Die Hachschara wurde 1941 [4][zu einem Zwangsarbeiterlager]. 1943, vor
gerade mal 80 Jahren, wurden die letzten Bewohner*innen über Berlin
nach Theresienstadt und dann Auschwitz deportiert. „Jutta wusste damals
schon, dass sie abgeholt werden sollten. Im letzten Brief an ihre Familie
schrieb sie: ‚Seid stark. Ich bin es auch‘“, sagt Pickert. In Auschwitz
fiel sie der Mordmaschinerie der Nazis zum Opfer.

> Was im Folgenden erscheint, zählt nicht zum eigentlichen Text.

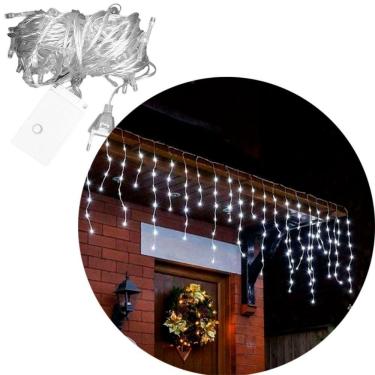 Imagem de Cascata Pisca Enfeite Natal 288 Lâmpadas Leds Branco 4m 220v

Ihr Bruder Itzhak schreibt heute in einem Brief, der nun auch in der
Zeitkapsel ist, auch von Dankbarkeit. Dafür, dass er sehr spät im Leben,
nämlich vor gut fünf Jahren, doch noch herausgefunden habe, „auf welchem
Weg meine Schwester gegangen ist“. Sie sei mit den anderen Jugendlichen im
Lager versklavt worden und habe in einem Blumenladen in Fürstenwalde
Zwangsarbeit leisten müssen. „Ich hoffe, dass man sie dort menschlich
behandelt hat“, schreibt er.
In Neuendorf hat er einen Ort für seinen Verlust gefunden, an dem auch
seine Kinder und Enkelkinder mehr über Jutta erfahren konnten. Er fühle
eine tiefe Verbundenheit zu den Menschen, besonders der Familie Bischinger.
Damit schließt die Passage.